Have you ever had an andouillette? Is Mr Tucci right? Is it “fucking disgusting”? Or is he an andouille? Don’t get me wrong. I loved him in Big Night and I love him as an actor. As a food dude, I’m not so sure. In his book, he describes a restaurant in my hometown as one of his favourites in the world. I’ve eaten there. It’s a “meh” at best. “My friend X, the generous genius,” he writes, “his expert use of the sous-vide method of cooking alone, especially twenty years ago when he first opened, sets him apart from so many chefs, as does his ability to integrate Asian flavors and techniques into Italian dishes.” To which my friend, Hanzhou, who I’ve written about here and there, and who is also from my hometown (and is FINALLY opening his own restaurant in Paris!) says, “WTF? This Stanley guy sounds shite.”
What foods disgust you? What food gets a “bum” deal?
Have you ever looked in Gwyneth Paltrow’s fridge?
When people say something “tastes like shit”, how do they know? Unless…
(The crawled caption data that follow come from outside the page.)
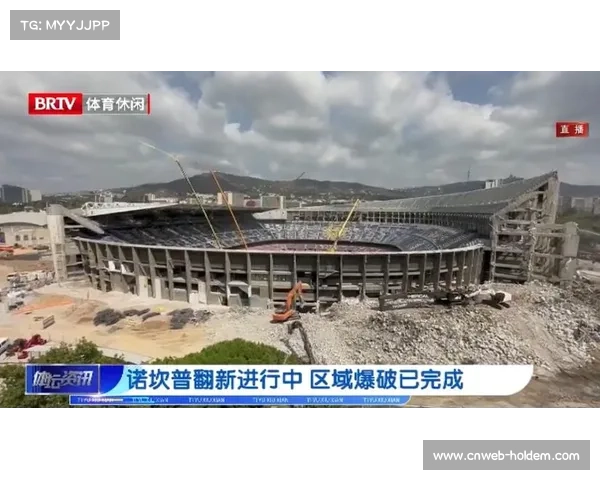 诺坎普第三阶段扩容计划进行中，下赛季容量将达10.5万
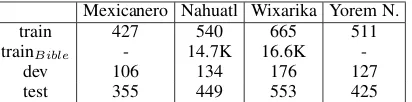 Table 1: Number of words in train, dev, test splits fromKann et al. (2018) + additional Bible data
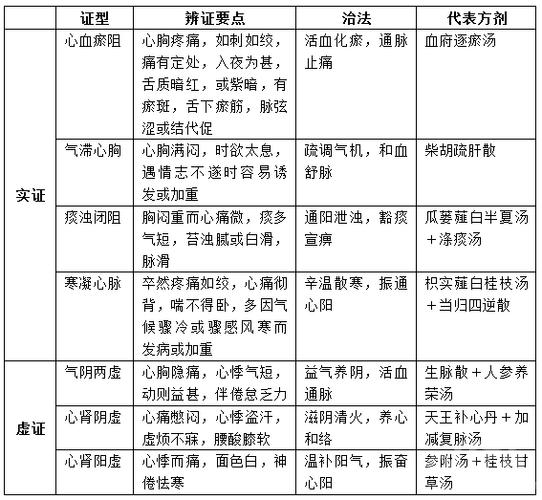 鼻衄中医辨证分型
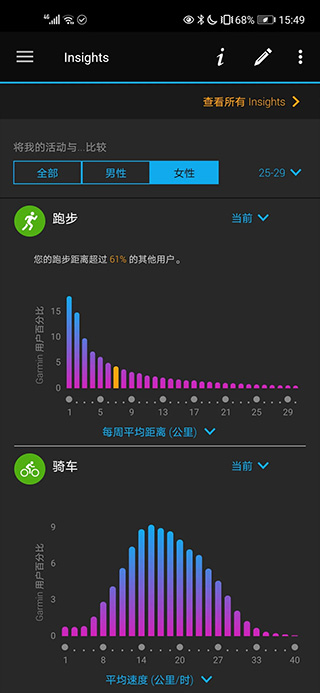 garmin connect(健康监测软件)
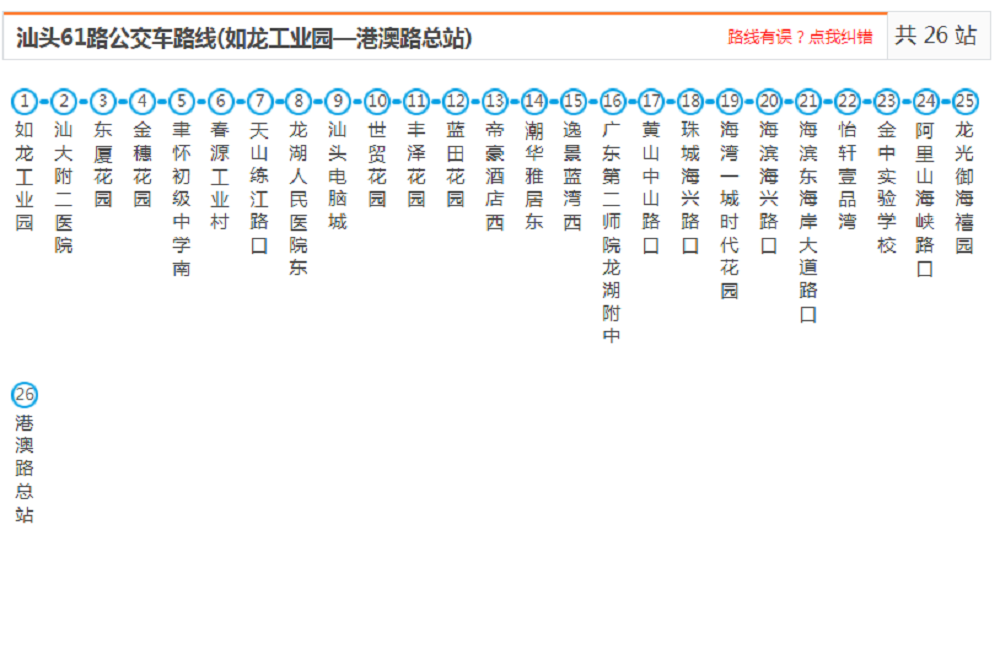 汕頭公交61路 汕頭公交61路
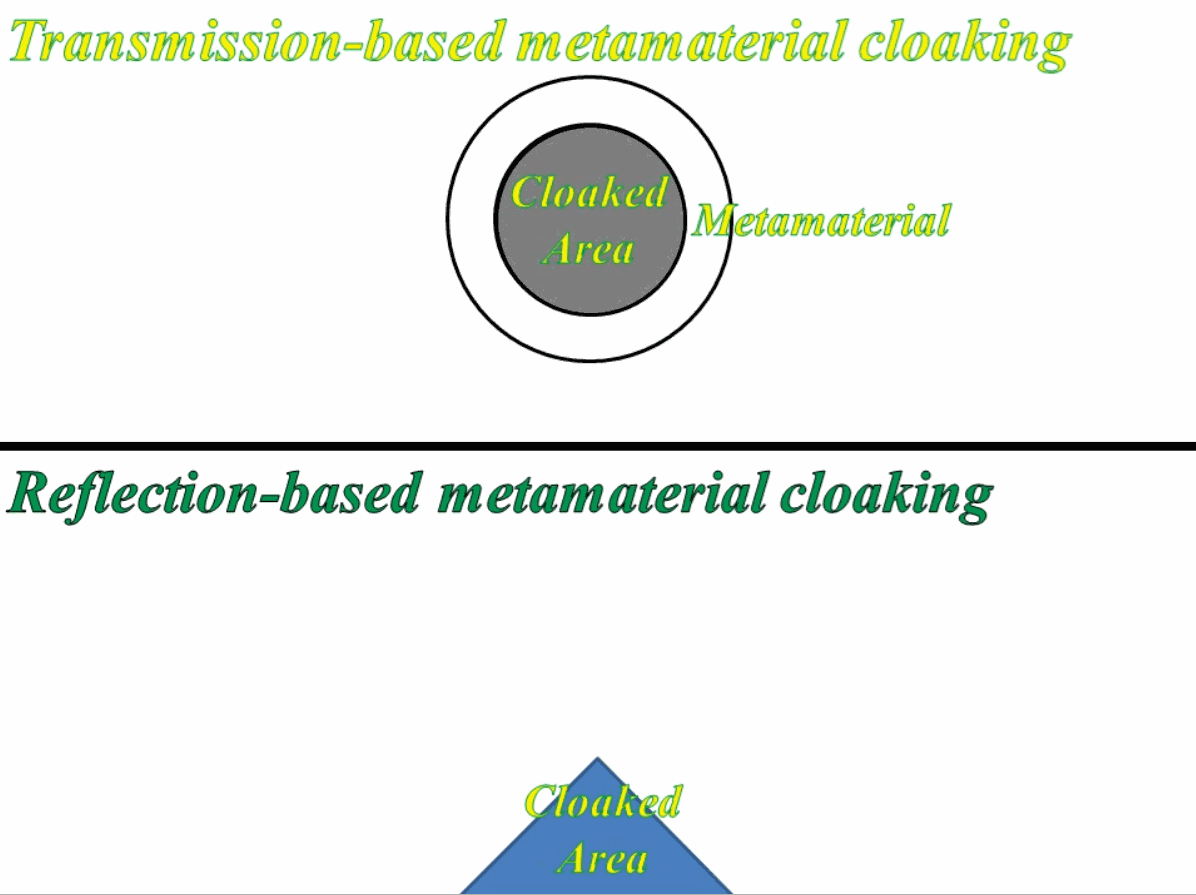 Transmission-based and reflection-based metamaterial cloaking.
What should I write about next week?
Thanks for reading!
Roger Michell (screenplay by Richard Curtis), Notting Hill, PolyGram Filmed Entertainment,1999
Personne sans caractère, sans vigueur, faible ; insulte : individu bête, stupide, idiot, imbécile ; agir inconsidérément, déraisonnablement, stupidement ; faire l'idiot, ne pas être sérieux ; mentir grossièrement ; comme un idiot ; être hébété, rendu idiot d'étonnement ; prendre pour un imbécile
This is a scream! I don't want to eat any of it, but I have gobbled down the words with great gusto. I know exactly who to forward this to, too!
I had a similar experience as Mr. Tucci, albeit sans Streep, in a bustling restaurant in the centre of Paris (As an aside, my Francophone spelling of centre has been spell-checked...twice now.) My wife ordered duck confit, and my son steak frites. Dad, wanting to appear an 'think-outside-the-box' diner, ordered the Andouillette, following the same line of reasoning as Mr. Tucci.
You can imagine my surprise.
While not casting as wide a culinary net as the learned author of Hexagon, I fancy myself possessed of a somewhat adventurous palate. With the Andouillette, however, I met my match; the best thing I can say about it is that it likely pairs well with one of Gwyneth's chocolates, although I can't confirm that to be true.